1.3 Where the Location is the Artist’s own studio, the Artist shall ensure that such studio is suitably equipped to provide the Materials materially in accordance with the Specification.
1.4 The Artist agrees to comply with all reasonable rules of the Location and other locations at which the Artist provides the Services provided that such rules are reasonable and proportionate and have been notified to the Artist in advance.
1.5 Where the Client records the Artist at the Client’s provided studio, the Client shall submit to the Artist the draft Materials for approval prior to distribution, broadcast or publication. The Artist shall endeavour to give their approval on a timely basis, and shall not be entitled to unreasonably withhold approval. In the event that the Artist has not responded to a request for approval, the Client shall not be entitled to deem the approval has been given.
Client’s obligations
1.6 The Client agrees to:
(a) provide any materials reasonably requested by the Artist to perform the Services in a professional and timely manner including any scripts required to perform the Services;
(b) ensure that the Location (in so far as the Location is not the Artist’s own studio) is:
(i) suitably equipped to enable the Artist to provide the Services; and
(ii) available at the time set out in the Project Outlines;
(c) comply with and ensure that the Materials comply with all Applicable Laws; and
(d) obtain such insurance as is reasonably necessary in respect of the provision of Services at the Location.
2 PENCILLING IN
2.1 Where the Client tentatively books the Artist for a particular date(s) (“Pencilled In Date”), the Client agrees to use its best endeavours to remove the Pencilled In Date as soon as possible either by confirming such date in writing or by confirming that the Artist is no longer required for such Pencilled In Date.
2.2 If the Artist receives another request for their services on the Pencilled In Date, the Artist shall inform the Client that it has received another request and ask the Client to either confirm the Pencilled In Date is going ahead, or to remove the Pencilled In Date if the Client no longer requires the Artist’s services on that date. If the Artist does not receive a response confirming the Pencilled In Date. or removing the Pencilled In Date, within the timeframe notified by the Artist (or if no such timeframe is notified, within 7 days, the Artist shall be entitled to treat the Pencilled In Date as unconfirmed and may accept alternative bookings that conflict with the Pencilled In Date.
2.3 If the Client has not confirmed or removed the Pencilled In Date within 24 hours of the Job date, the Artist may treat the entire booking as confirmed, and the Client shall be liable for the BSF set out in the Project Outline.
3 ASSERTION AND LICENCE OF RIGHTS
3.1 The Client and/or the End User shall be entitled (but not obliged) to make use of the Materials within the Permitted Usage. In the event that the Client and/or End User wishes to make use of the Materials it shall notify the Artist in advance of the First Usage Date.

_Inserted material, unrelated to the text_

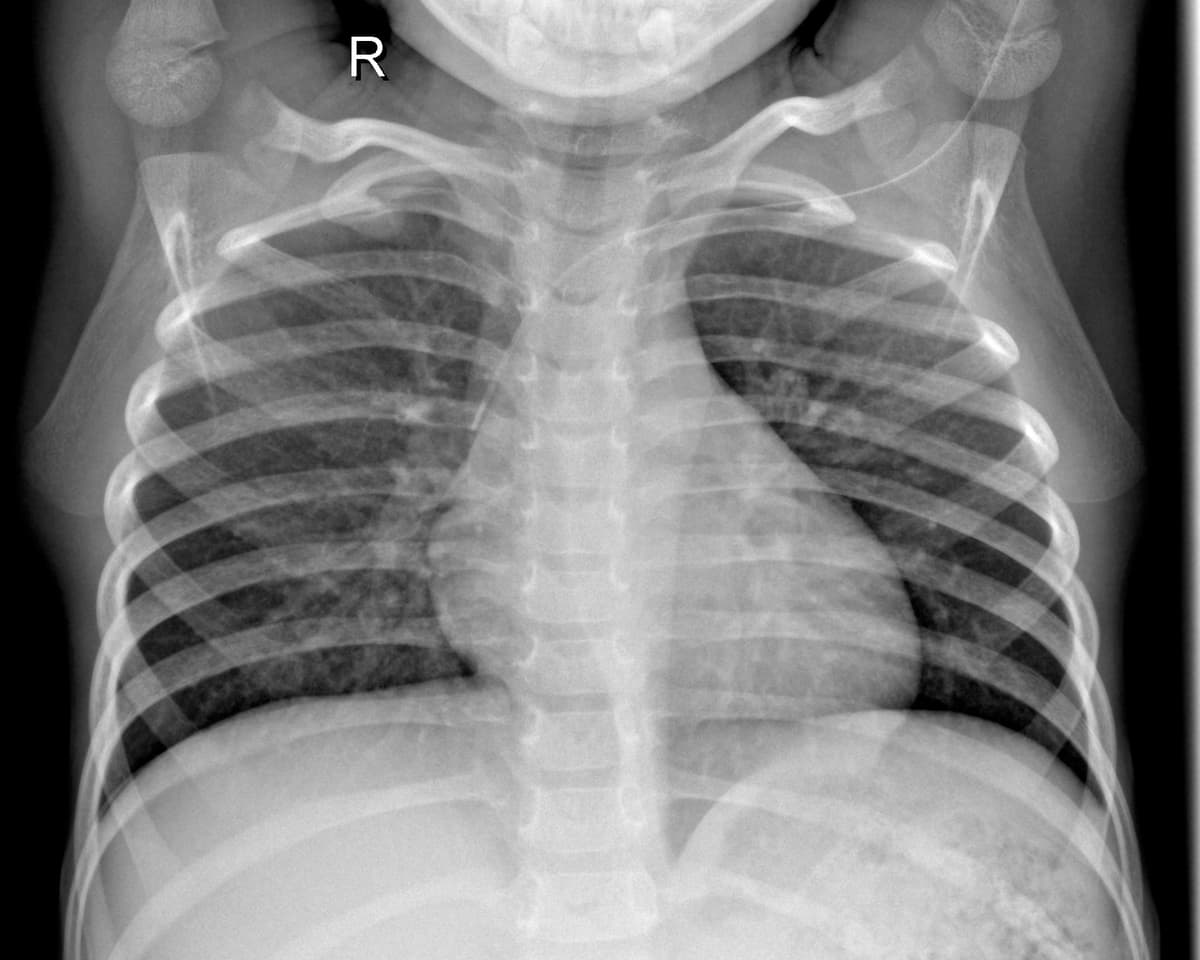 Radiografia Normal — NIH Chest X-ray14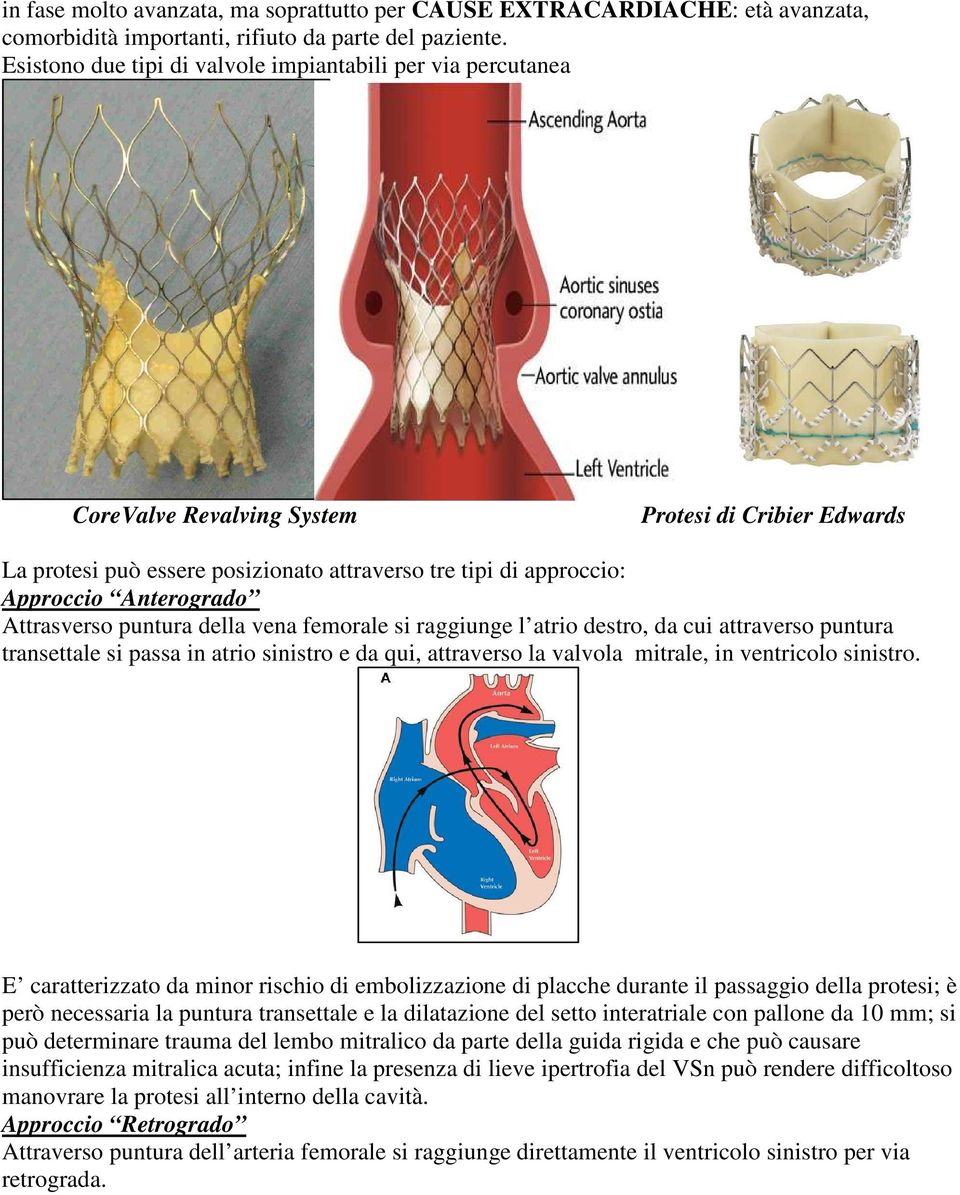 Anterogrado Attrasverso puntura della vena femorale si raggiunge l atrio destro, da cui attraverso puntura transettale si passa in atrio sinistro e da qui, attraverso la valvola mitrale, in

3.2 In consideration of payment of the Usage Fee (and provided that all instalments of the Usage Fee have been paid up to date), [and subject to clause 3.5 below,] the Artist hereby grants to the Client (and to the End Client where applicable) a licence to use the Materials and the Intellectual Property Rights in the Materials provided that such use is strictly in accordance with the Permitted Usage. For the avoidance of doubt, no rights or licence are implied in relation to usage outside of the Permitted Usage and any such additional usage shall require the Artist’s prior written agreement and payment of further usage fees to be agreed with the Artist.
3.3 The Artist shall remain the owner of all right, title and interest in and to the Intellectual Property Rights in the Materials and in any goodwill which accrues in respect of such Intellectual Property Rights.
3.4 Should any right, title or interest in such licensed Intellectual Property Rights or any goodwill arising out of the use of such rights become vested in the Client or End Client (by the operation of law or otherwise), the Client shall hold and will procure that the End Client holds the same in trust for the Artist and shall, at the request of the Artist, immediately and unconditionally assign (with full title guarantee) free of charge any such right, title, interest or goodwill to it for the full duration of such rights and execute any documents and do all acts required for the purpose of confirming such assignment.
3.5 The Client acknowledges (and will procure that where relevant the End Client acknowledges) that the Artist asserts:
(a) any moral right it has to be identified as performer in the Materials pursuant to section 205C of the Copyright, Designs and Patents Act 1988 (‘CDPA’);
(b) any moral right it has to object to derogatory treatment of its performance in the Materials pursuant to section 205F of the CPDA; and any other moral or equivalent rights to those set out in this clause 3.5 to which the Artist may be entitled under any legislation now existing or future enacted in any part of the world. Client shall (and will procure that where relevant the End Client shall) give the Artist such credit as is agreed with the Artist.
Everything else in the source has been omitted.